== EXTRACTED ENTRIES ==

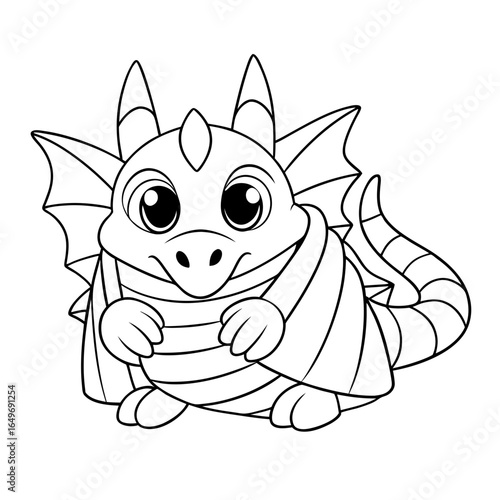 black outline printable dragon sipping tea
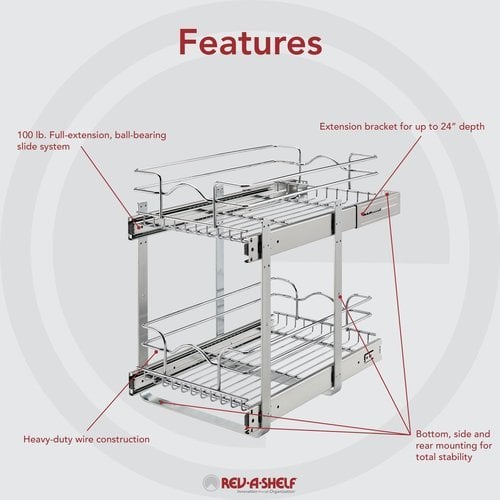 Rev-A-Shelf 12 Inch Width 2 Tier Wire Kitchen Base Cabinet Pull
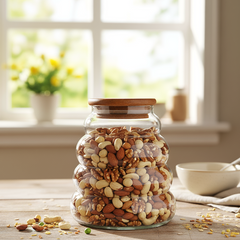 Beehive Ribbed Glass Storage Jar with Wooden Lid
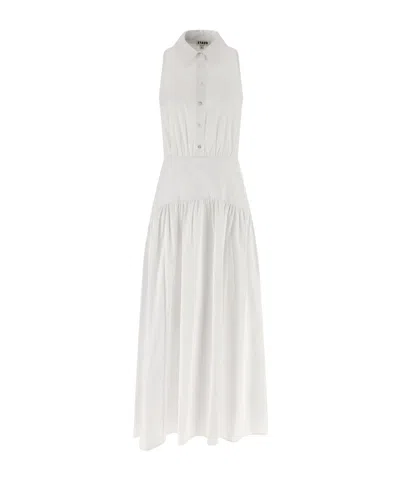 Staud Romy Wrinkled Maxi Dress In White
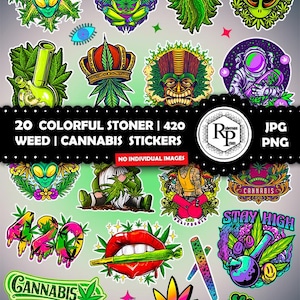 Best Selling *** Super Vivid Color Stoner | Weed | 420 | Marijuana ONE (1) Stickers Sheet - Bundle Stickers  (Read Info)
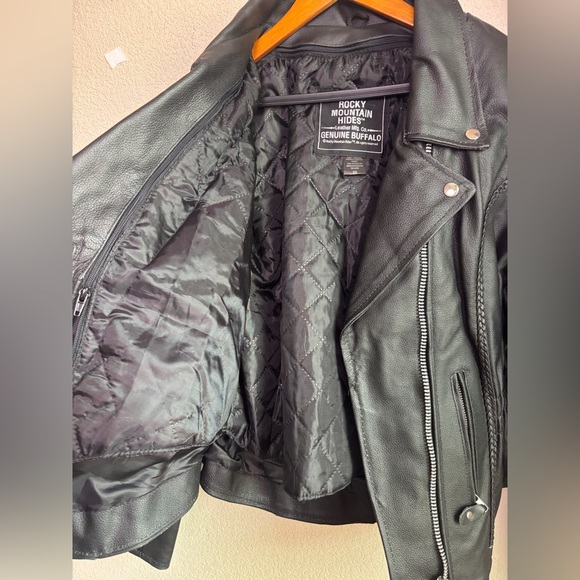 NWT Rocky Mountain Hides Genuine Buffalo Leather Braided Motorcycle Jacket 2X - Picture 9 of 15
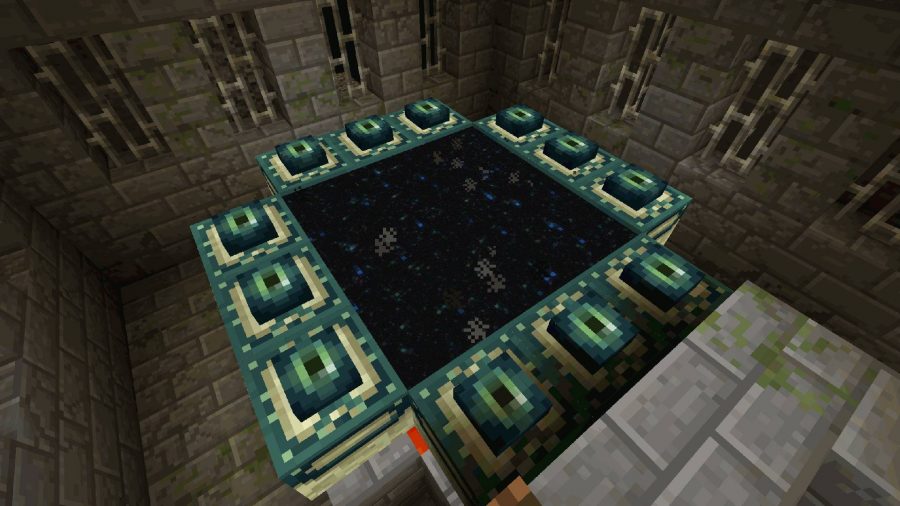 Endportal Minecraft: obraz przedstawia serię bloków utworzonych w celu stworzenia portalu do innego świata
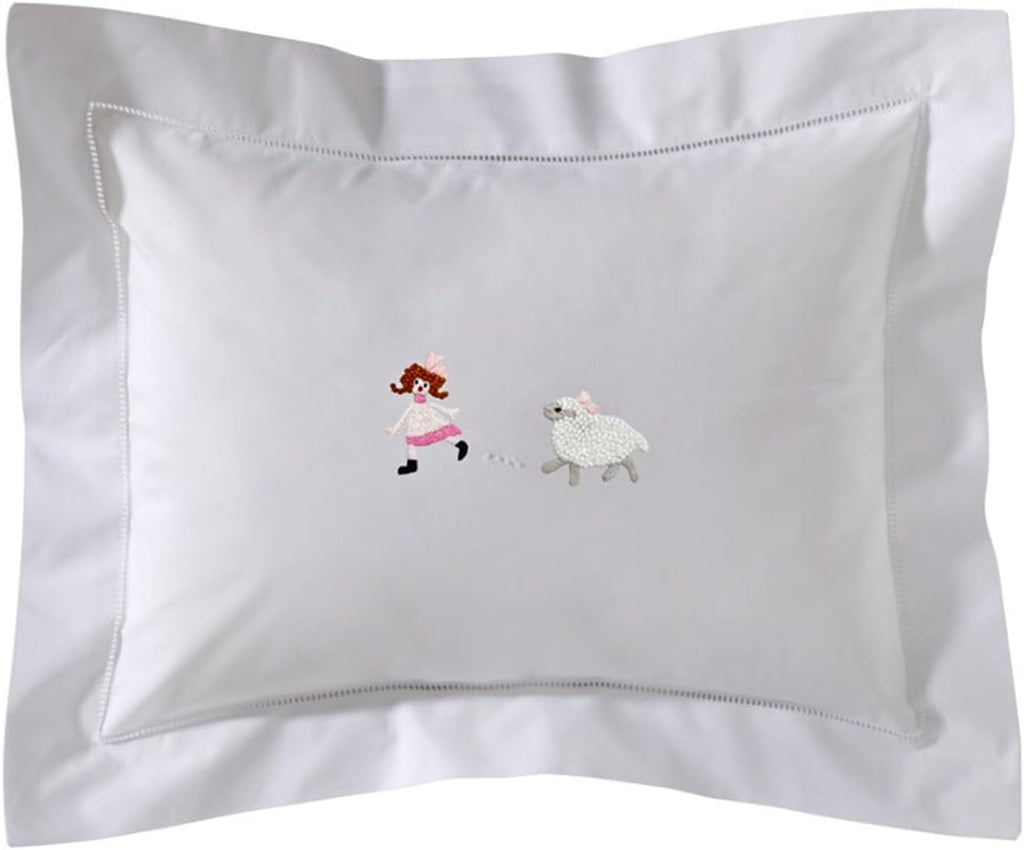 Jacaranda Living Embroidered Boudoir Pillow Cover – Handcrafted Embroidery, Fine Italian Cotton, Decorative Pillow Accent for Bedroom &…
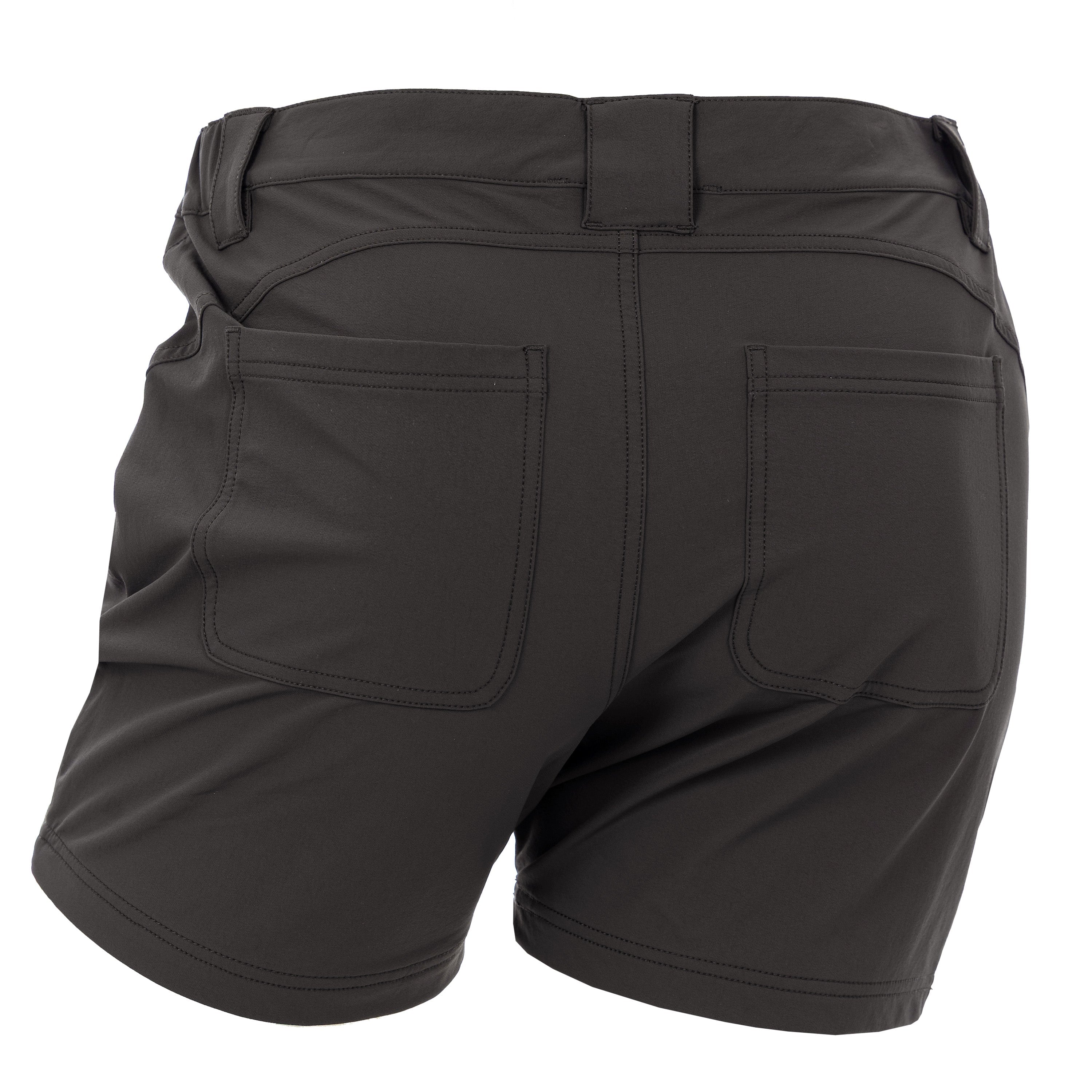 Back view of DSG OUTERWEAR Mave Short in charcoal, showcasing the casual fit and fabric texture.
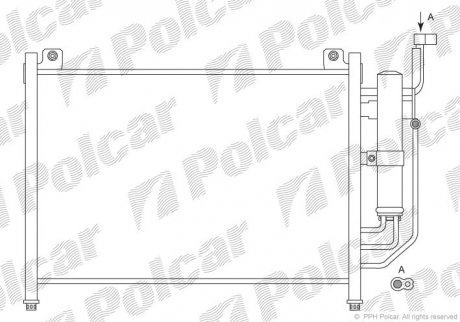 Радіатор кондиціонера MAZDA 2, 07- (D6Y16148Z) Polcar 4533K81K (фото 1)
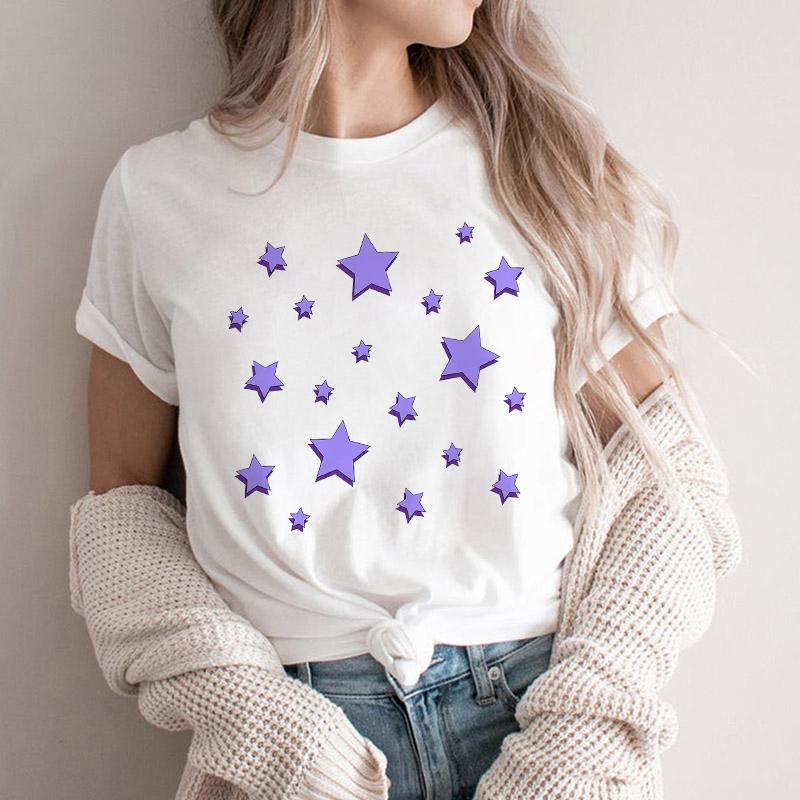 Women Tshirt Cartoon Purple Flower Floral 2025 Summer Spring T Shirt Female Clothes Graphic 90S Aesthetic Kawaii Tee Tops Lady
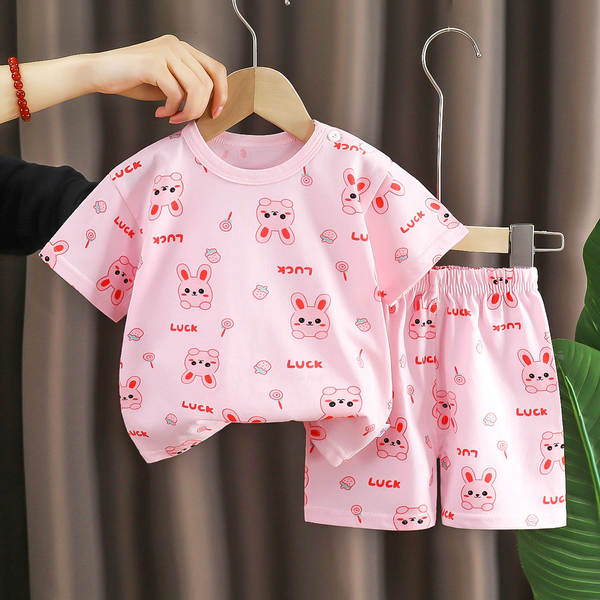 Conjunto de verão infantil de algodão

===

→ **WHAT THE TASK ASKS**
Strip out the pictures and reproduce the remaining material above exactly.

→ **EXPECTED ANSWER**
 black outline printable dragon sipping tea
 Rev-A-Shelf 12 Inch Width 2 Tier Wire Kitchen Base Cabinet Pull
 Beehive Ribbed Glass Storage Jar with Wooden Lid
 Staud Romy Wrinkled Maxi Dress In White
 Best Selling *** Super Vivid Color Stoner | Weed | 420 | Marijuana ONE (1) Stickers Sheet - Bundle Stickers  (Read Info)
 NWT Rocky Mountain Hides Genuine Buffalo Leather Braided Motorcycle Jacket 2X - Picture 9 of 15
 Endportal Minecraft: obraz przedstawia serię bloków utworzonych w celu stworzenia portalu do innego świata
 Jacaranda Living Embroidered Boudoir Pillow Cover – Handcrafted Embroidery, Fine Italian Cotton, Decorative Pillow Accent for Bedroom &…
 Back view of DSG OUTERWEAR Mave Short in charcoal, showcasing the casual fit and fabric texture.
 Радіатор кондиціонера MAZDA 2, 07- (D6Y16148Z) Polcar 4533K81K (фото 1)
 Women Tshirt Cartoon Purple Flower Floral 2025 Summer Spring T Shirt Female Clothes Graphic 90S Aesthetic Kawaii Tee Tops Lady
 Conjunto de verão infantil de algodão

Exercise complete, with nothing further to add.